Numerous applications of micro-electromechanical (MEMS) inertial sensors require a high-performance ASIC interface. Existing interface techniques are not fully satisfactory in various respects.
For example, in feedback (e.g., force-feedback) systems where a drive loop is present, an excitation signal is needed for detection of capacitance variations in both a sense loop and a drive loop. The excitation signal should not affect the actuation applied, for example, to a proof mass (or proof masses) of the MEMS sensor. However, since the excitation signal is applied to the proof mass, and since actuation capacitors share the same proof mass with the detection capacitors, therefore the excitation signal affects the actuation signal content and dynamic range.
Another issue relates to undesired coupling that can occur between the actuation stream of one channel and detection paths of the same channel, or even different channels (e.g., sense mode to sense mode coupling or sense mode to drive mode coupling, etc.). Such coupling can distort the signal and result in severe degradation in the performance of the detection front-end circuits. This effect is exaggerated in sense mode, as the combined effect of parasitic capacitance and process mismatch is on the order of the detection capacitance variation.

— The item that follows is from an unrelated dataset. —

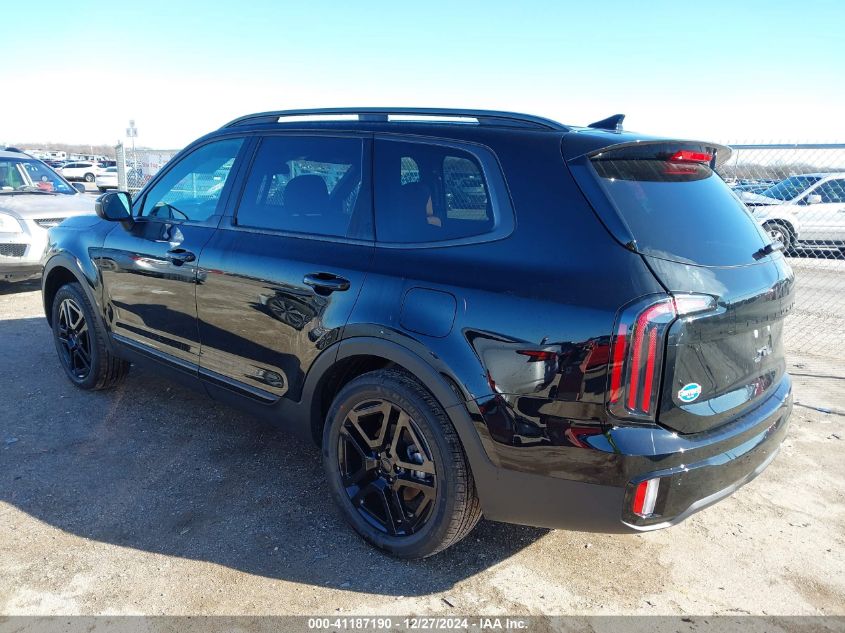 2025 Kia Telluride Ex X-Line VIN: 5XYP3DGC1SG585620 Lot: 41187190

Several solutions have been proposed to solve this coupling issue. Some solutions depend on frequency separation between actuation and detection (which works only in the case of coupling between different channels); other solutions depend on estimating the coupling transfer function and compensating this effect in later stages (in digital domain signal processing or—at the cost of increased complexity—in the analog domain). Other proposals have included decreasing the actuation signal level (at the expense of reduced actuation dynamic range), or manual trimming to compensate for the mismatches.
In feedback (e.g., force-feedback) systems where a drive loop is present, a sense signal may contain a desired sensor input signal AM-modulated at the frequency of a drive signal. Hence, to demodulate the bit stream to get the original signal, the drive and the sense signals are multiplied using a multiplier to obtain a demodulated output signal. To get the demodulated signal to have the lowest possible DC component, accurate phase adjustment between SNS and DRV bit streams may be required. Various approaches to achieving this phase adjustment typically entail power and/or area penalties.
Hence, an improved interface for interfacing to MEMS inertial sensors is desired.